Basshunter Turns FruityLoops Into Gold

You’d never know the Swede has Tourette’s.

Basshunter is guzzling beer and laying down new tracks in a recording studio late on a Friday night. He's slightly drunk when he calls me from his home country of Sweden. "It's my first time being home for more than a few days," he mutters with a heavy accent. "It's nice. I have time to work and get shitfaced."

The 24-year-old dance DJ (real name, Jonas Altberg) hasn't had time off since catapulting to international fame last year, thanks to Now You're Gone, an album featuring English remakes of tracks he had previously distributed himself via the Internet. Truth be told, its success is absolutely baffling. The makeshift music sounds as if it were recorded by a college student in his dorm room. It's a far cry from the sleek, polished records that typically rule the dance charts. Still, there are other reasons why Basshunter's success is astonishing.

In middle school, he was diagnosed with Tourette's Syndrome—a neuropsychiatric disorder associated with involuntary movements and behavior. Although Basshunter's case wasn't as severe as others', his uncontrollable tics led to incessant taunting by his classmates. Embarrassed, he retreated into isolation and spent his days playing computer games and listening to dance music like Warp Brothers and DJ Rocco.

"I was a lone wolf," he recalls. "I had no friends. I was constantly on the computer...And that's how I discovered a music program called FruityLoops."

FruityLoops, now known as FL Studio, is an audio workstation program that can be downloaded off the Internet. By 17, the still-shy student was beginning to explore electronic music as a way of self-medicating with beats. Shortly afterward, he started creating and releasing songs under the name Basshunter—in reference to his love for catchy bass lines—and distributing them via his own Web site. His first album, The Bassmachine (2004), caught the attention of dance-club owners in Sweden who asked him to DJ at their venues. He spent several years performing across the country, and as his popularity grew, throughout Europe. Record label scouts eager for fresh talent started to show up at the in-demand DJ's gigs.

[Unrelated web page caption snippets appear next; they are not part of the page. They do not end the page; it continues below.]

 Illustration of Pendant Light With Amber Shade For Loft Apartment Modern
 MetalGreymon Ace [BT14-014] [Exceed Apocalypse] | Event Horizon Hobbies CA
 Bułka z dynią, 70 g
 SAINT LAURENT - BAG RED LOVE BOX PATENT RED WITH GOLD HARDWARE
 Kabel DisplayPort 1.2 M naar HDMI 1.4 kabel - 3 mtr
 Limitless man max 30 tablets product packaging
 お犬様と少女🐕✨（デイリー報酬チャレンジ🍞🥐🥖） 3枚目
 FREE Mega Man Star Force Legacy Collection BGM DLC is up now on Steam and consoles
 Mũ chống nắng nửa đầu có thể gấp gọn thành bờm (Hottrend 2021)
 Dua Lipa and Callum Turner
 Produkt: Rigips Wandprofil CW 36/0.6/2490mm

Basshunter says that his tics slowly faded as he began to concentrate less on his peers' ridicule and more on his blossoming career as an artist. "I'll always have Tourette's," he says. "And I'll never forgot the things they said about me...but I also don't care nearly as much."

He also hasn't forgotten the simple yet infectious sound that made him famous. When Warner Music Sweden signed Basshunter to a record deal in 2006, the DJ continued to use FL Studio to create his music rather than upgrade to more professional hardware. In a genre where the sophistication of one's producing equipment is considered to be of high importance, it's unheard of that someone at his level would use the program.

"I've used other programs, but I prefer this [FL Studio]," he says. "It's an excellent program for producing electronic music. It allows you to make amazing beats. There are thousands of producers and singers out there spending $500,000 creating 30 to 40 songs a year—and they haven't even gotten close to achieving what I've achieved using my computer and a microphone that in total cost about $800."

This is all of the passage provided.